#  Project Description

##  Background

Eye tracking is a technology that is used to measure the movement and position of the eye. Eye tracking can be used to obtain a variety of information, such as where someone is looking (also known as the gaze point). The raw eye tracking data cann also be used to engineer new features - eye tracking events - which can further be used to obtain more information. 

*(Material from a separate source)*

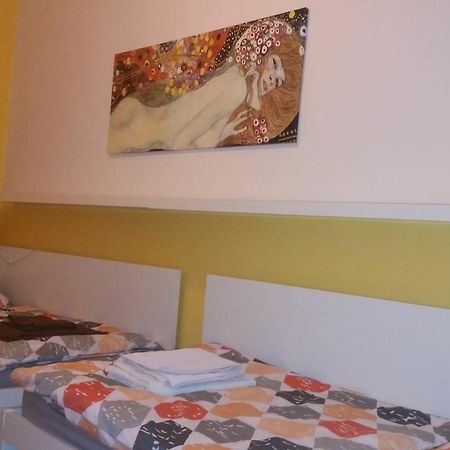 Geraeumige Zentrumsnahe Altbauwohnung Wien Exteriör bild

The types of eye tracking events that we can measure for include fixations, which are periods of time where the eye fixates on a target. There are saccades where the eyes move between points of fixations. There are also post-saccidic oscillations and glissades where the eye will oscillate after a saccade before settling to a fixation point. Post-saccadic oscillations overshoot the target, while glissades undershoot.

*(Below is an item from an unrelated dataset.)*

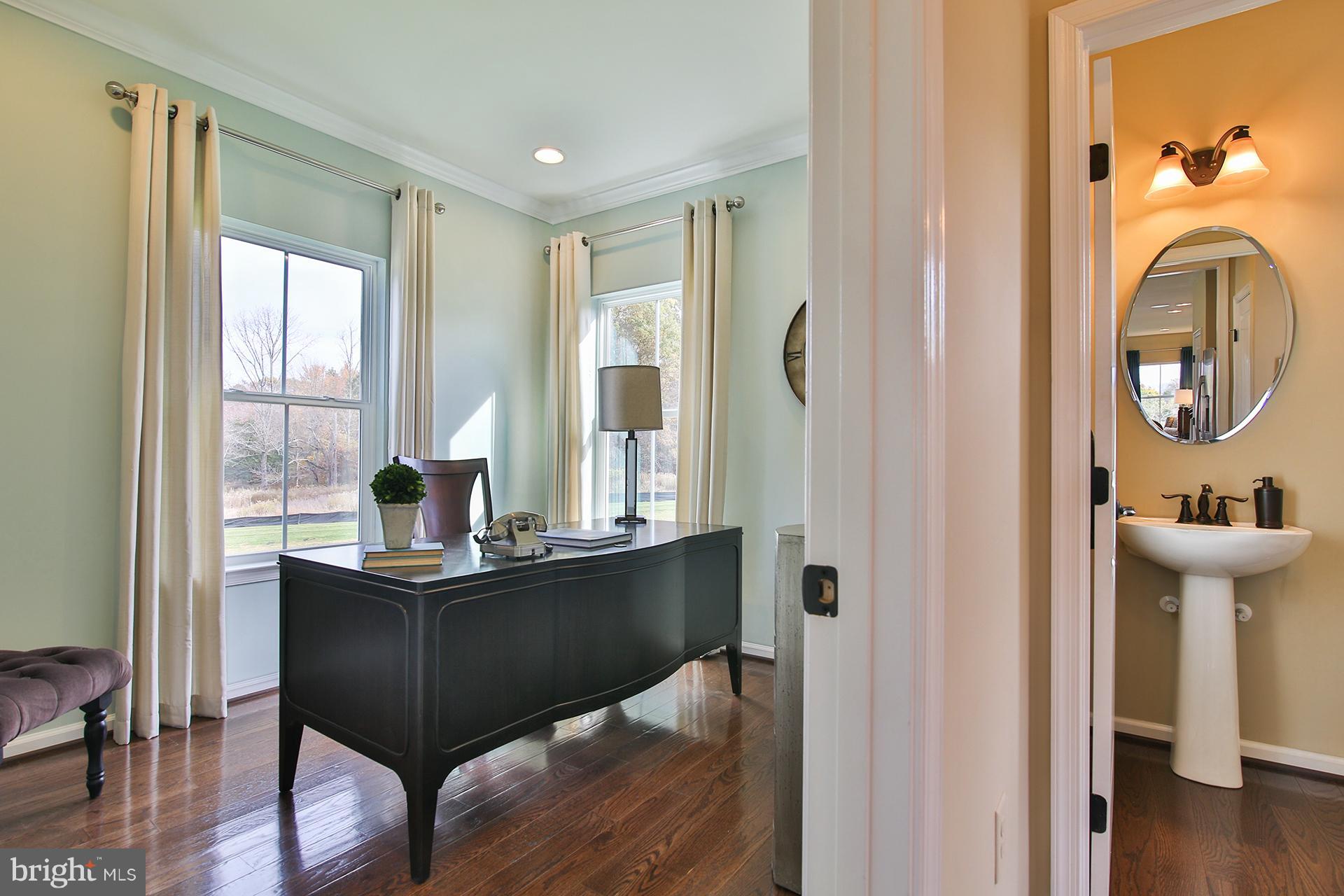 OAK CREEK - Residential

These types of events can be measured by applying different threshold techniques. I-VT applies a velocity threshold; If the speed between two gaze points is below a certain threshold, it is identified as a fixation. If the speed is above the threshold, it is a  saccade. There is also a dispersion/distance based method as well known as I-DT, that uses the distance between the gaze points instead to classify either fixations and saccades. These threshold algorithms are common in practice, but do not have the ability to classify more complex events. 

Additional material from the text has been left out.